━━━ Given data

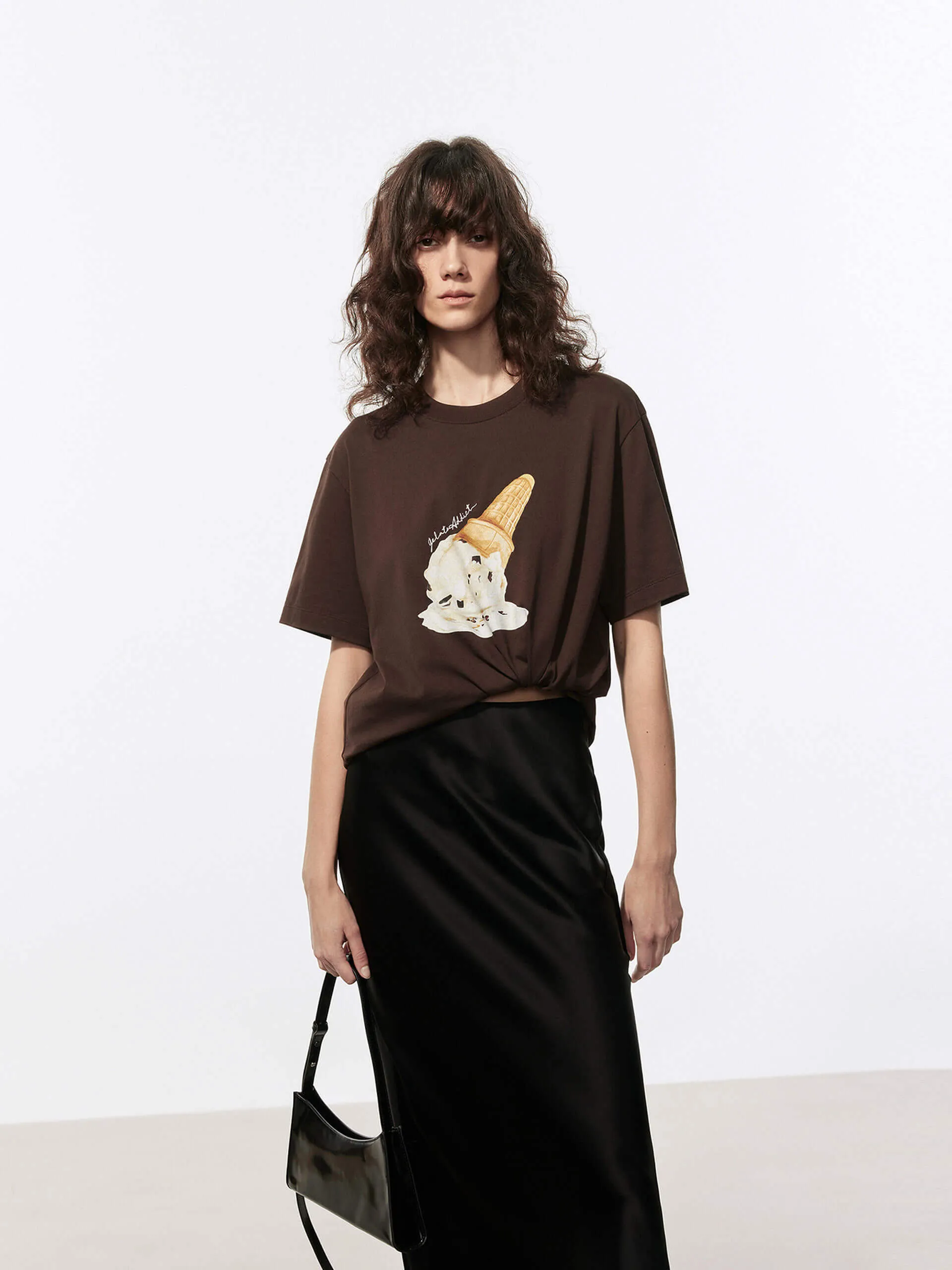Gelato Print Cotton T-shirt Wear Resistant Fabric AntiPilling
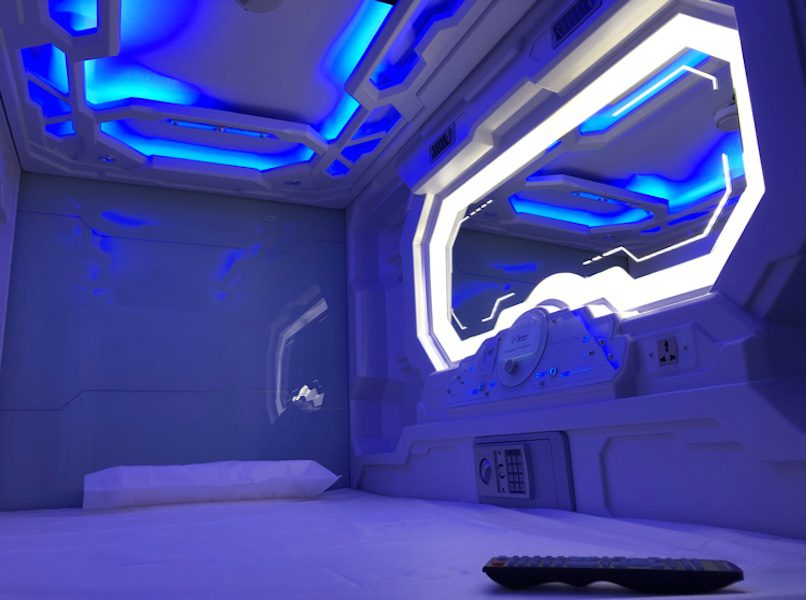 Interior view of a sleep pod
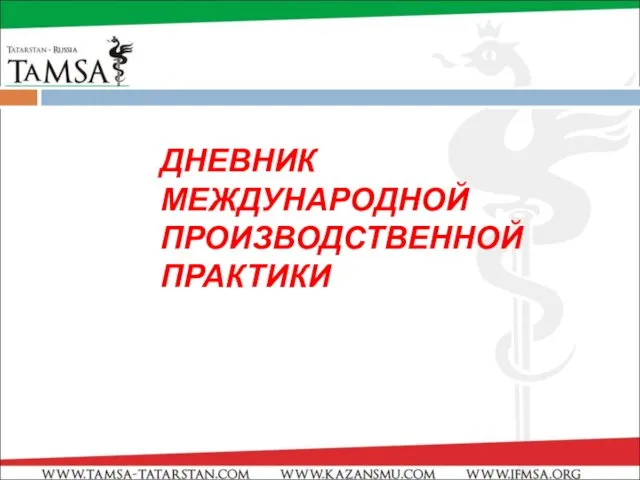 ДНЕВНИК МЕЖДУНАРОДНОЙ ПРОИЗВОДСТВЕННОЙ ПРАКТИКИ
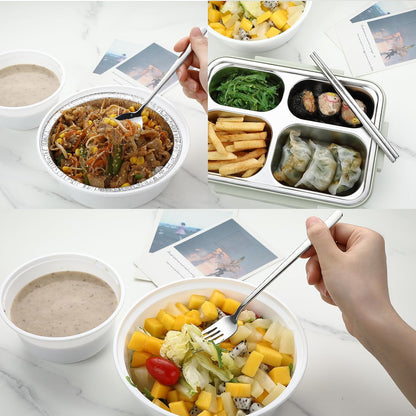 Travel Utensils with Case, 4Pcs Korean Chopsticks Fork and Spoon Set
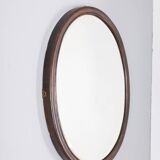 Vintage 1960s Italian-design walnut wall mirror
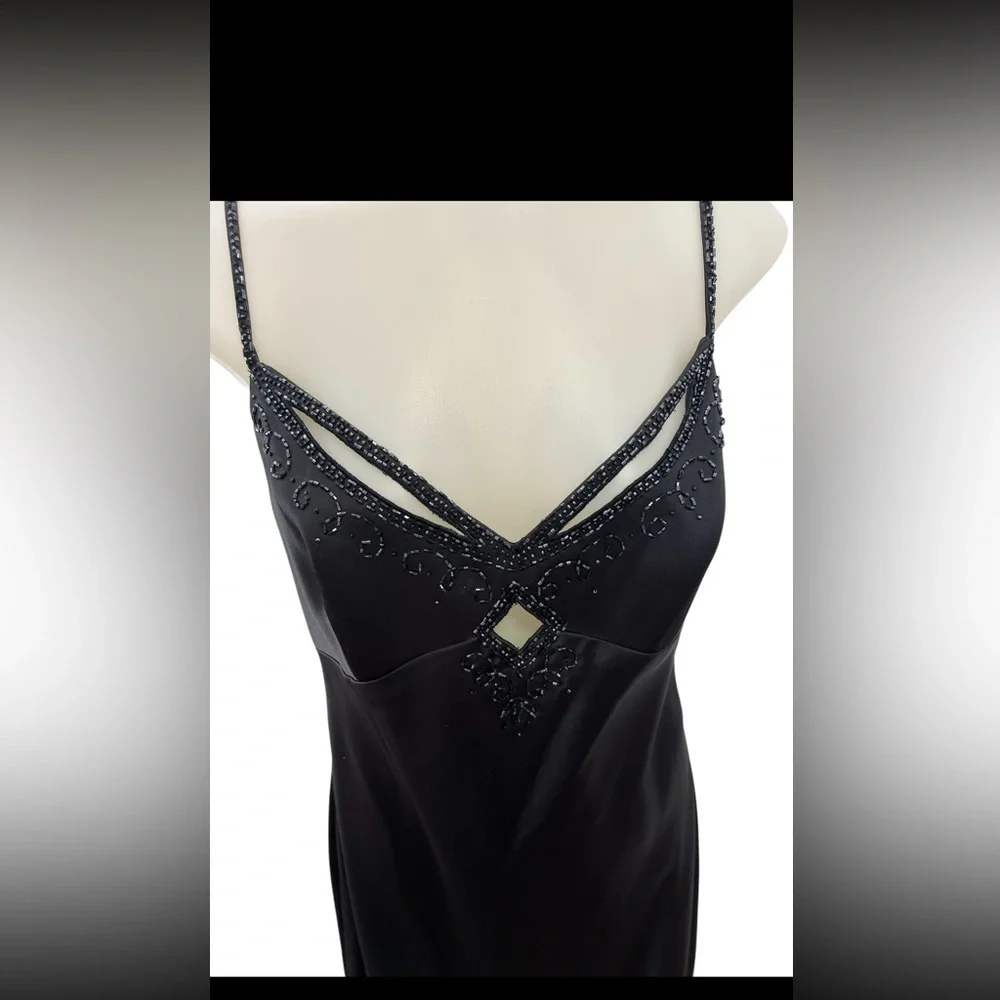 LN Dave & Johnny Laura Ryner Slip beaded gown dress black Christmas 10 11 12 - Picture 2 of 11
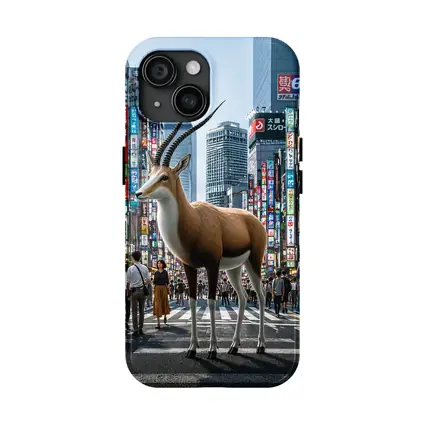 Antelope Standing in Busy Tokyo City Street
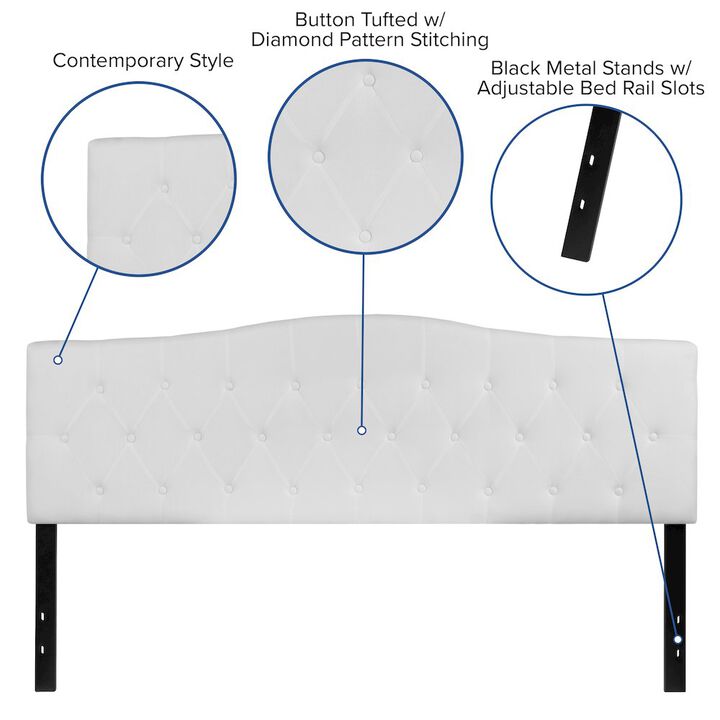 Flash Furniture Tufted Upholstered King Size Headboard in White Fabric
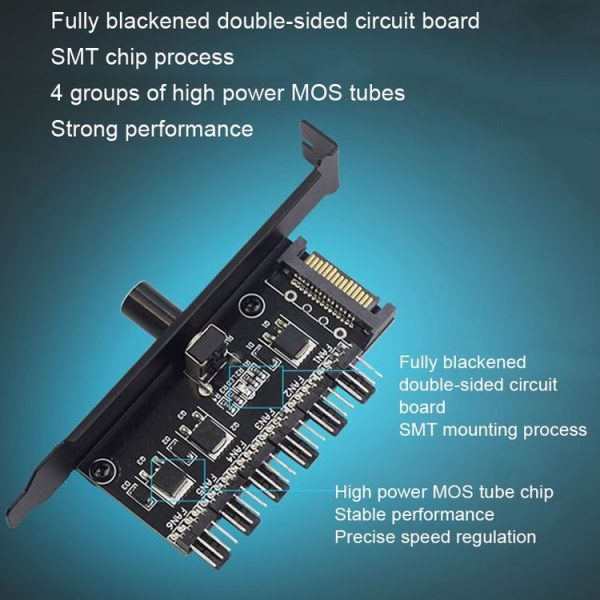 PIC Bit Case Cooling Fan Control Switch PWM 6 Way Computer Fan Speed Controller (Big 4Pin) - Image 4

━━━━━━

- [Task]
All of the entries must be reproduced exactly, apart from the pictures, which are to be dropped.

- [Task response]
Gelato Print Cotton T-shirt Wear Resistant Fabric AntiPilling
 Interior view of a sleep pod
 ДНЕВНИК МЕЖДУНАРОДНОЙ ПРОИЗВОДСТВЕННОЙ ПРАКТИКИ
 Travel Utensils with Case, 4Pcs Korean Chopsticks Fork and Spoon Set
 Vintage 1960s Italian-design walnut wall mirror
 LN Dave & Johnny Laura Ryner Slip beaded gown dress black Christmas 10 11 12 - Picture 2 of 11
 Antelope Standing in Busy Tokyo City Street
 Flash Furniture Tufted Upholstered King Size Headboard in White Fabric
 PIC Bit Case Cooling Fan Control Switch PWM 6 Way Computer Fan Speed Controller (Big 4Pin) - Image 4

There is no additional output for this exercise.